纳米聚酰亚胺超薄膜的多级松弛与热转变★

doi:10.6023/A25050197

摘要/Abstract

聚酰亚胺(PI)薄膜因优异的耐高温性、绝缘性及化学稳定性, 广泛应用于光电器件与半导体封装领域. 纳米厚度PI薄膜的松弛行为关系到其热稳定性和尺寸稳定性等性质, 是影响PI薄膜应用的重要物理性质. 本工作用介电松弛和动态力学分析研究了PI的多级松弛行为, 明确PI的α和β松弛的温度区间; 利用椭圆偏振光谱表征纳米级厚度PI薄膜的热膨胀和松弛行为, 探究薄膜厚度对PI分子热运动的影响. 结果表明, 当膜厚降低至100 nm以下时, 与链段运动关联的α松弛温度(T_α)随膜厚降低而减小, 而与芳环振动相关的β松弛温度(T_β)保持不变; 同时, 薄膜的热膨胀系数随厚度减小显著增大. 本研究揭示了PI本体及超薄膜的松弛行为, 为开发高稳定、低膨胀的超薄封装材料提供了理论指导.

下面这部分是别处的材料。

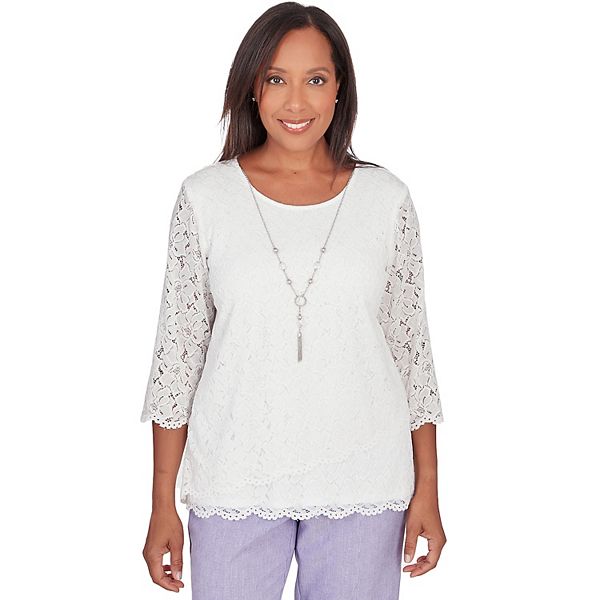 Petite Alfred Dunner Lace Tulip Hem Top with Necklace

关键词: 聚酰亚胺, 松弛, 椭圆偏振光谱, 热膨胀, 纳米受限

Polyimide (PI) films are widely used in semiconductor packaging due to their excellent properties, including low dielectric constant, high temperature resistance, and enhanced thermal and chemical stability. In recent decades, the development of modern nanotechnology has led to devices being downsized to the nanoscale, and packaging these nanodevices would require ultrathin films of PI. Understanding the thermal transition and molecular relaxation of the PI ultrathin films is essential for high-quality microelectronic packaging. Although the dynamics of bulk PI have been extensively studied using techniques such as broadband dielectric spectroscopy (BDS) and dynamic mechanical analysis (DMA), the impact of reduced film thickness on these dynamics remains unclear. In this study, we used temperature-variable spectroscopic ellipsometry to examine the thermal expansion and molecular relaxation of PI films as thin as 6 nm, and concurrently, the bulk dynamics of PI were investigated using BDS and DMA for comparison purposes. The PI films were prepared by the heat imidization of poly(amide acid) films, which were polymerized using biphenyltetracarboxylic diandhydride (BPDA) and 4,4'-oxydianiline (ODA). In 300-nm-thick films, we observed the α-relaxation arising from the segmental cooperative rearrangement, and the β-relaxation originating from phenyl ring motion at approximately 260 ℃ (T_α) and 99 ℃ (T_β), respectively. As the film thickness decreased below 100 nm, T_α decreased. Specifically, T_α decreased by 30 ℃ for 6-nm PI films. In contrast, T_β remains unchanged in the ultrathin films, indicating a thickness-independent β-relaxation. Furthermore, the coefficients of thermal expansion increased remarkably with a reduction in film thickness across various temperature ranges (i.e., T<T_β, T_β<T<T_α, and T>T_α), indicating that ultrathin PI films are more sensitive to temperature variations than bulk samples. Such observation of the thickness-dependent thermal expansivity and T_α of ultrathin PI films provide a deep understanding of the effects of nanoconfinement on the dynamics of polymers with rigid chain backbones, which is also meaningful for designing and fabricating stable nano-devices based on ultrathin PI films.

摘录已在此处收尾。